I'm guessing that continuations will not be accessible across threads in the first version, regardless of which stack switching proposal we go with.

Yeah, I suspect that we won't even be able to pass simple data references between threads for quite some time to come, let alone functions or stacks. The hurdle isn't so much semantics but implementations: most web engines will have a very tough time retrofitting any of that. Hope we get there eventually, though.

@KronicDeth I see that Lumen uses LLVM. Does it use the upstream LLVM backend for WebAssembly? If so, what kind of support would you expect the backend to provide for stack switching (independent of which proposal we use)? In other words, how would you expect to use the stack switching mechanism from LLVM? How does Lumen's stack switching work today, if at all?

@KronicDeth I see that Lumen uses LLVM. Does it use the upstream LLVM backend for WebAssembly?

We have fork of LLVM and we're keeping up-to-date with master with our changes here.

If so, what kind of support would you expect the backend to provide for stack switching (independent of which proposal we use)? In other words, how would you expect to use the stack switching mechanism from LLVM?

Something that can go in a similar place to where we call the __lumen_builtin_yield would be nicest as it means no divergence between the x86_64 and WASM switching code. @bitwalker do you have any other preferences for the stack switching in WASM in LLVM IR or LLVM MLIR?

How does Lumen's stack switching work today, if at all?

__lumen_builtin_yield calls a bunch of stuff to deal with the scheduler's queues ([1], [2]), but for the actual swapping it's inline assembly. This is all for the x86_64 target.

For the WASM target we don't have the compiler yet, we have the runtime, but the scheduler and switching is still in hand-written Rust.

Thanks for the great pointers, @KronicDeth!

If I'm reading your current implementation of __lumen_builtin_yield correctly, it seems like it works by maintaining a thread-local list of processes (which seem to be a store of the register states, including stack and code pointers), getting the next ready process from that list, and then switching the registers (including stack and code pointers) after some basic bookkeeping. Is that an accurate summary?

If it is, then that is precisely the implementation strategy we provide here for lightweight-thread managers. For example, in contrast to the proposal here, we guarantee that your __lumen_builtin_yield performs in constant time, regardless of how large the old or new stack is or how many effect handlers they have (ignoring the time it takes for the scheduler to determine which is the next ready process).

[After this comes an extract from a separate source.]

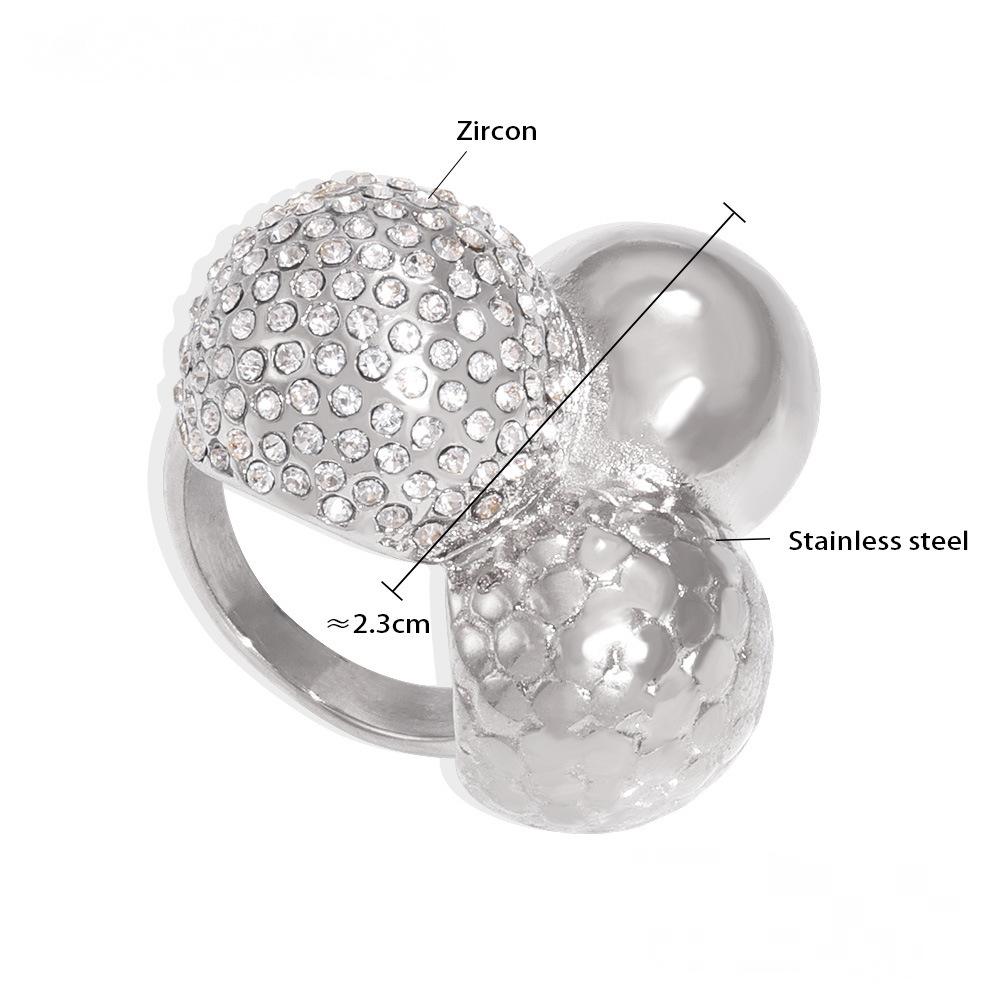 Stainless Steel 3 Balls Cubic Zirconia Ring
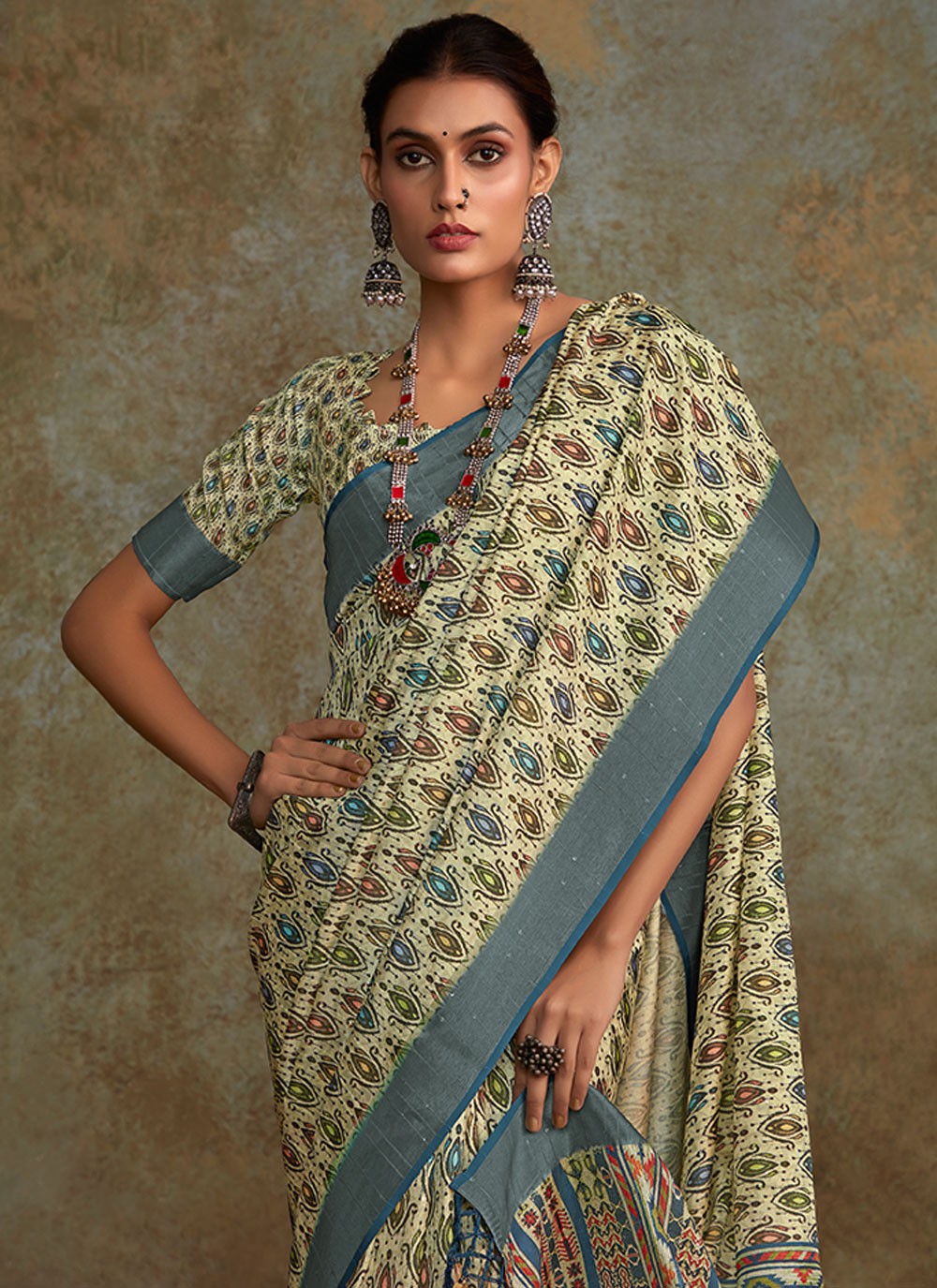 Classic Printed Handloom Silk Saree - S6674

Edit: Oh actually, there is a slight difference. In our example, we switch to the manager's stack, which then determines the next process to run and switches to that stack. Your implementation finds the next process on the yielding thread's stack, rather than having the middle switch to the manager. Of course, it's easy to modify our example to employ that optimization. On the other hand, the proposal here will always require two stack switches (and a stack walk).

@kayceesrk I added a translation of this design to soil-initiative/stacks#10 using Multicore OCaml's implementation strategy that you implemented today. I'm interested to hear if you think it accurately captures what you described. I have no idea how fluent you are in WebAssembly, especially regarding the relevant young/pseudo-proposals, so I'd be happy to meet with you and walk through the translation with you.

Outside of that, one thing I should note is that your implementation strategy assumes it is always being possible to quickly determine the address of the root of a stack based on the address of its current leaf. This is a perfectly plausible assumption; I'm just making it explicit since it does impose an implementation constraint. Furthermore, this assumption has other useful implications on the design space. In particular, it enables a variant of stack inspection that is particularly useful for your implementation strategy, which is what I use in soil-initiative/stacks#10.

@rossberg great to see this moving. One minor thing: shouldn't it be

It must not be possible to create cyclic references to stacks, since that would require GC.

?

@b-studios, oops, yes, fixed. Thanks!

Thanks, @RossTate.

In the previous CG meeting it was suggested that these continuations would be used for effects that would have a handler in roughly every stack frame.

This would not be sensible. Effect handlers should not be used for stack tracing. Stack inspection and stack switching are orthogonal features. I am failing to understand why one _requires_ the other or why use one to _simulate_ the other. As I had presented in the talk, effect handler implementation does not inspect every stack frame. We directly fetch the parent stack in constant time. Compare this to exceptions. If I were to implement exceptions, unwinding one stack frame at a time to reach the exception handler would lead to a terrible implementation. My honest take on it is that stack inspection has nothing to do with stack switching and should be implemented as independent features.

Realistic examples of handlers that we've seen in practice are never very deep. There is usually a handler at the bottom of the driving the scheduler, and perhaps one or two handlers near the top for supporting generators and other local control inversions. Hence, linearly searching through the stack of handlers is not a problem. Moreover, the refined proposal presented yesterday removes instructions for tag test. Unlike OCaml which allows arbitrary pattern matching on payloads, the tag tests can be implemented directly in the engines. The engines can just maintain a stack of current tags and the labels to branch to to find the matching tag and branch to it. I understand that there is some reservation against advocating an implementation policy. But in our experience, for real-world examples, where the number of handlers is few, linear search will work just as well. In the few years, I've been working on delimited continuations/effect handlers, I am yet to see a _useful_ example where there are many instances of the same handler on the stack.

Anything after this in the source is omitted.